God only knows how many clergy have been asked to write prayers for the spiritually fragile days since Sept. 11.
Offering a prayer for Ground Zero, the Rev. Charles T.A. Flood of Philadelphia began by praising the saints "who have made us holy from times past. ... God has sent them to us in times of loss and confusion."
It helps to name names and the Episcopal priest did that. "The Saints were not those who were perfect," said the prayer, as posted on Episcopal and Anglican Web sites. "They were parts of God's creation who struggled and often failed and yet managed to raise up our faith in God and in one another.
"Abraham, Isaac, Joseph, Sarah, Hannah, Joshua, David, Moses, Mary the Mother of Jesus. Buddha and Mohammad. ... They led God's people to God's Light."
This was not exactly a traditional litany. Archbishop of Canterbury George Carey said the inclusion of Buddha and Mohammed was "very unfortunate. ... It's not Church of England practice to refer to Buddha or Mohammed in prayers."
The Rev. George Curry of the evangelical Church Union told the Daily Telegraph: "It is blasphemous. It is appalling. Any self-respecting Christian will be horrified."
The bottom line is that it's easier to stand together than to kneel together. Statements of faith that have brought comfort to many have caused distress for others. The question is whether believers must blur the doctrinal lines that divide them, while striving to find any ties that bind.
Evangelist Franklin Graham, for example, set off a media firestorm when he said: "The God of Islam is not the same God. He's not the God of the Christian or Judeo-Christian faith. It's a different God and I believe it is a very evil and wicked religion."
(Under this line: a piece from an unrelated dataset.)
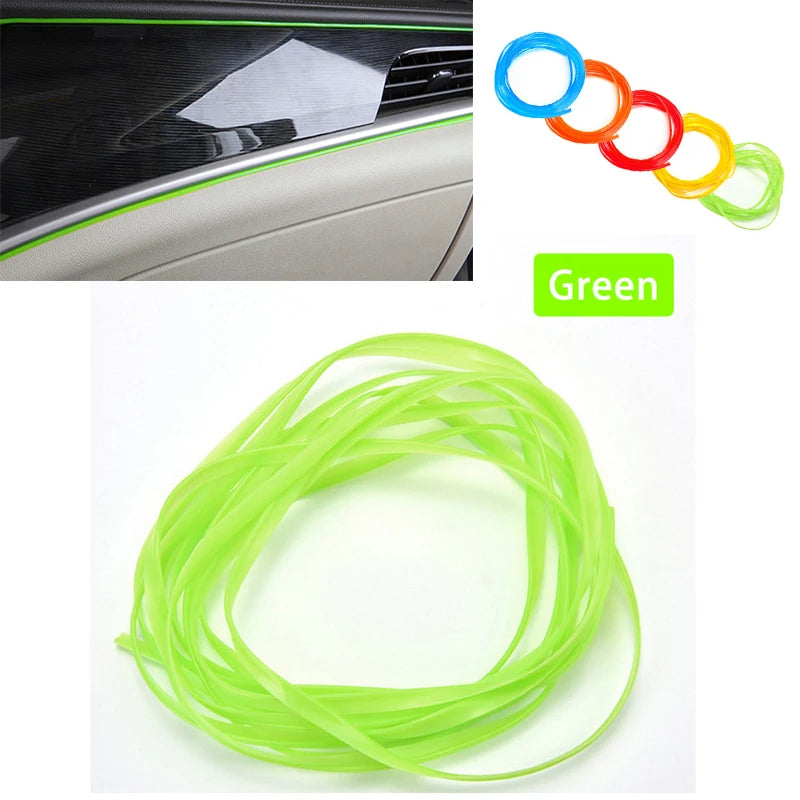 Car Decorative Moulding Line 5M Car-styling Trim Strip Flexible Automobile Door Center Console Interior Car Accessories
Later, Billy Graham's heir noted that his Samaritan's Purse relief agency has poured millions of dollars into Muslim communities in Bosnia, Kosovo, Sudan, Iraq, Turkey and Afghanistan. Christians are called to love their neighbors, regardless of creed. But there is no way, he argued, to avoid the words of Jesus: "I am the way, the truth and the life. No one can come to the Father except through me."
It is also unlikely that Muslim clerics will edit the inscription on the face of Jerusalem's Dome of the Rock, which stresses that Allah is, "One, God, the Everlasting, who has not begotten and has not been begotten. ... Praise to God who has not taken a son." In other words, a cornerstone of Islam is the rejection of the Trinitarian God of Christianity.
True Christianity is a missionary faith. So is Islam.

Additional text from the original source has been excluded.